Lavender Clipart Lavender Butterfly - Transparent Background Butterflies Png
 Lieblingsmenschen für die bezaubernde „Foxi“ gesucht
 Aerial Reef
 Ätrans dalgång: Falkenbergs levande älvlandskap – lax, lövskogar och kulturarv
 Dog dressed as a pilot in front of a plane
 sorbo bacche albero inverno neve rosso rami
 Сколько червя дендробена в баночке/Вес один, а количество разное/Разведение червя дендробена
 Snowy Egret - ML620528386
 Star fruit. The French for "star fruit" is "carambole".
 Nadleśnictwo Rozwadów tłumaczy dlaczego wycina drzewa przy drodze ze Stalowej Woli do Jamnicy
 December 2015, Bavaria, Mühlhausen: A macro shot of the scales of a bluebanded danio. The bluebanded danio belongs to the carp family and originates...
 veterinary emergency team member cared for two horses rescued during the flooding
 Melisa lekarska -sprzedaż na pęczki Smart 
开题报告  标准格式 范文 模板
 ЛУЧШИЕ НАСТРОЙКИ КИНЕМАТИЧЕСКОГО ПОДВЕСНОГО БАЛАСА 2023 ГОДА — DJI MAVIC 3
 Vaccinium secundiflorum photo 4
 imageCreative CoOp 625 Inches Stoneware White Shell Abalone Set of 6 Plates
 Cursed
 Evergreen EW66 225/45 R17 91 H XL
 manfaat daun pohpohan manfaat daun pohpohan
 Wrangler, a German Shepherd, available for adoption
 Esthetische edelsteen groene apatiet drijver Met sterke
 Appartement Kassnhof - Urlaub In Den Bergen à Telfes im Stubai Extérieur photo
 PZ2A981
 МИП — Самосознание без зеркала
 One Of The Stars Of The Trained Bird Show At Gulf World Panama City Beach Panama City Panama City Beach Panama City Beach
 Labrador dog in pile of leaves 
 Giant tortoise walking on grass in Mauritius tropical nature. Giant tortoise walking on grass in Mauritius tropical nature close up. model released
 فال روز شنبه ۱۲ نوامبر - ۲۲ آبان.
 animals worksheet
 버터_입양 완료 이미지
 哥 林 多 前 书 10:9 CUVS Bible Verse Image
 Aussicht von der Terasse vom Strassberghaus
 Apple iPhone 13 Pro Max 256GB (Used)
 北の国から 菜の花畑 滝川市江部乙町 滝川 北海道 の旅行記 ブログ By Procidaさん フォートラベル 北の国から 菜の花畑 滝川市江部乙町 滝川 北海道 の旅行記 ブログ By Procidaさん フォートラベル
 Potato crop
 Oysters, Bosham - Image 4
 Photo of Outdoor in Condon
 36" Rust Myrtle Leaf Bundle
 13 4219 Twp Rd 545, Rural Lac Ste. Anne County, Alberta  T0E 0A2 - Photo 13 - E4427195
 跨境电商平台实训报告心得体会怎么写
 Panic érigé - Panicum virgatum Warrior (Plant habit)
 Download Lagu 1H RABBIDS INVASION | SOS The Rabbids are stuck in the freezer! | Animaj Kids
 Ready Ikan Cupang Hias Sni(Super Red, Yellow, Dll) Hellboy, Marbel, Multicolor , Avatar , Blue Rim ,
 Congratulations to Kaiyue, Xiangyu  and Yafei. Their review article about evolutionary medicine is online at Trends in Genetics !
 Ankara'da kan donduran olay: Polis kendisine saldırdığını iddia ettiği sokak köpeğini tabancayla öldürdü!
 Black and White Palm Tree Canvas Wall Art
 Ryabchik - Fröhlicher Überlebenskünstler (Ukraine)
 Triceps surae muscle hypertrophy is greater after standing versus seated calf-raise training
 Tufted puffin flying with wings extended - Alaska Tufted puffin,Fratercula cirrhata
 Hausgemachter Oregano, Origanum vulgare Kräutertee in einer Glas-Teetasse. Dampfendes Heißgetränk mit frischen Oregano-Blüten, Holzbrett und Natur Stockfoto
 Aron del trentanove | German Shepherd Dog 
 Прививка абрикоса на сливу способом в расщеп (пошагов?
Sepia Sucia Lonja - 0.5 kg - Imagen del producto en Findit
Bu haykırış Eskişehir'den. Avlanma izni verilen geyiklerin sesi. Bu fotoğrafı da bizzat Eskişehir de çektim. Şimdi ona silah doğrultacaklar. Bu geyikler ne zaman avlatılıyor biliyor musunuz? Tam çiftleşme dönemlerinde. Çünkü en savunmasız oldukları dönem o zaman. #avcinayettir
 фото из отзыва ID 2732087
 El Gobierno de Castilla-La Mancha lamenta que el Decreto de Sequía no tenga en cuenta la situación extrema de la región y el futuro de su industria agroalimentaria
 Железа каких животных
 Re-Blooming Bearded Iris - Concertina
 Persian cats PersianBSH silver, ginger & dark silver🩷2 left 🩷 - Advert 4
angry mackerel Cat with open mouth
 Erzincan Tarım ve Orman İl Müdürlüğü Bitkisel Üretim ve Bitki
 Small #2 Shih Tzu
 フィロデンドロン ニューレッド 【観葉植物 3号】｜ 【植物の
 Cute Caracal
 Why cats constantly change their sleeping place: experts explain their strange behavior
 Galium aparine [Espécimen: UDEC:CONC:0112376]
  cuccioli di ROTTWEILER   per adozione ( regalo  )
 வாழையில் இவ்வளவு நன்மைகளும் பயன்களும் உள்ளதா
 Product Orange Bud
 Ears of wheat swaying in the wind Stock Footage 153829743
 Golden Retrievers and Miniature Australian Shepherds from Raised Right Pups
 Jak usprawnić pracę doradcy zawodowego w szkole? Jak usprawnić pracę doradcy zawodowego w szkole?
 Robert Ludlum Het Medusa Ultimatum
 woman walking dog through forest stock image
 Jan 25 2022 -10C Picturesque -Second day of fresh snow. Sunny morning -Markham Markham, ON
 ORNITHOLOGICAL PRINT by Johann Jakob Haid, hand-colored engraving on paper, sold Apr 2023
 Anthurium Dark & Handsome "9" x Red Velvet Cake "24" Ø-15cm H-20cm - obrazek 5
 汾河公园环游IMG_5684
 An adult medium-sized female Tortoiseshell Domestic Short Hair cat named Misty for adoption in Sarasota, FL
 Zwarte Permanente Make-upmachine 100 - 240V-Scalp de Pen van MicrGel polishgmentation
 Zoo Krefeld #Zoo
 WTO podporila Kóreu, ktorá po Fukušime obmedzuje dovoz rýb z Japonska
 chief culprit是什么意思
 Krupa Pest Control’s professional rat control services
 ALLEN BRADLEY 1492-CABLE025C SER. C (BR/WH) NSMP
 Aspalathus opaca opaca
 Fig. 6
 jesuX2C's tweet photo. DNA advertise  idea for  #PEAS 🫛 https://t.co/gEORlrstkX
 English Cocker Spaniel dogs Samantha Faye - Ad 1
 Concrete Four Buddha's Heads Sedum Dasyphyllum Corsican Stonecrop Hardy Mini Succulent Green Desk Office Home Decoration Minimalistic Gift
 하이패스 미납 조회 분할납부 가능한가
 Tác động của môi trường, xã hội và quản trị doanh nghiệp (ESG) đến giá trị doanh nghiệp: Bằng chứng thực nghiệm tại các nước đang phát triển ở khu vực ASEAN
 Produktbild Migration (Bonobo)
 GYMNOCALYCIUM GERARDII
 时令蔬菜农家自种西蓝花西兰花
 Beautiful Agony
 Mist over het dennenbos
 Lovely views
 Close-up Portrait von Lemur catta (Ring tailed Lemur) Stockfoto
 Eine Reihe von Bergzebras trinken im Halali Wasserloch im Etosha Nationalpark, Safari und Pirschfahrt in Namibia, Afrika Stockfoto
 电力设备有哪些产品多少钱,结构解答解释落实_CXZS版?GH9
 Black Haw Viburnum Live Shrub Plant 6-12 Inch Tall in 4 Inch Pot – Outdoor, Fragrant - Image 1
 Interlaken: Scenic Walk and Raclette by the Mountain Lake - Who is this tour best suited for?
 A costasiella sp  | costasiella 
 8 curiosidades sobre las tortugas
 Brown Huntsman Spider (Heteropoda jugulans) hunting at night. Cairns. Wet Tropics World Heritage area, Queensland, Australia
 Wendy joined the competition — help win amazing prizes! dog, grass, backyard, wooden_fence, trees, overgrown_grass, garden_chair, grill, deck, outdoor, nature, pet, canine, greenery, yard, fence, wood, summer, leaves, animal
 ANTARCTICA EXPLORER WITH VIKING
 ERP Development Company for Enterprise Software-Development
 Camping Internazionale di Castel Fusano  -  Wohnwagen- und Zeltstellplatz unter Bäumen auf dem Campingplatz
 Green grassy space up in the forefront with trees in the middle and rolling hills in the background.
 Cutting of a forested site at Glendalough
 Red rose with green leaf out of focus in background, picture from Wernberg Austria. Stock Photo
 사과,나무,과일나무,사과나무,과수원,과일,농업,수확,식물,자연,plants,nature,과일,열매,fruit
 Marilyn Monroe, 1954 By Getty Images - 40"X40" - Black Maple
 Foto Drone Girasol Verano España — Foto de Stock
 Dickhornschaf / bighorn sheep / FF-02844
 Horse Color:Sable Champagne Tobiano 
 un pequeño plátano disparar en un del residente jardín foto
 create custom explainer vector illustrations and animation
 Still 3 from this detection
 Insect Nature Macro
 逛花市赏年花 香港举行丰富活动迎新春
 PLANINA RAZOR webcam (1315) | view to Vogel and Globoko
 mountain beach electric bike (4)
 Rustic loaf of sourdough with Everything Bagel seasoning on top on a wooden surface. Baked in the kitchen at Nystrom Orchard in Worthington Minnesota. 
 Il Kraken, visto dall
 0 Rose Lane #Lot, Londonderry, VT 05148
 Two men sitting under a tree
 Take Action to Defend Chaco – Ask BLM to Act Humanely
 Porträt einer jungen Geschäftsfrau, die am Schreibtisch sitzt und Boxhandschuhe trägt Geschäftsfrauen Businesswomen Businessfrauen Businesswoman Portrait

============

• _Assigned task_: Copy out, exactly and alone, the lines of the entries above between the ones holding "jesuX2C's tweet photo." and "8 curiosidades sobre las tortugas", inclusive.

• _Your response_:
 jesuX2C's tweet photo. DNA advertise  idea for  #PEAS 🫛 https://t.co/gEORlrstkX
 English Cocker Spaniel dogs Samantha Faye - Ad 1
 Concrete Four Buddha's Heads Sedum Dasyphyllum Corsican Stonecrop Hardy Mini Succulent Green Desk Office Home Decoration Minimalistic Gift
 하이패스 미납 조회 분할납부 가능한가
 Tác động của môi trường, xã hội và quản trị doanh nghiệp (ESG) đến giá trị doanh nghiệp: Bằng chứng thực nghiệm tại các nước đang phát triển ở khu vực ASEAN
 Produktbild Migration (Bonobo)
 GYMNOCALYCIUM GERARDII
 时令蔬菜农家自种西蓝花西兰花
 Beautiful Agony
 Mist over het dennenbos
 Lovely views
 Close-up Portrait von Lemur catta (Ring tailed Lemur) Stockfoto
 Eine Reihe von Bergzebras trinken im Halali Wasserloch im Etosha Nationalpark, Safari und Pirschfahrt in Namibia, Afrika Stockfoto
 电力设备有哪些产品多少钱,结构解答解释落实_CXZS版?GH9
 Black Haw Viburnum Live Shrub Plant 6-12 Inch Tall in 4 Inch Pot – Outdoor, Fragrant - Image 1
 Interlaken: Scenic Walk and Raclette by the Mountain Lake - Who is this tour best suited for?
 A costasiella sp  | costasiella 
 8 curiosidades sobre las tortugas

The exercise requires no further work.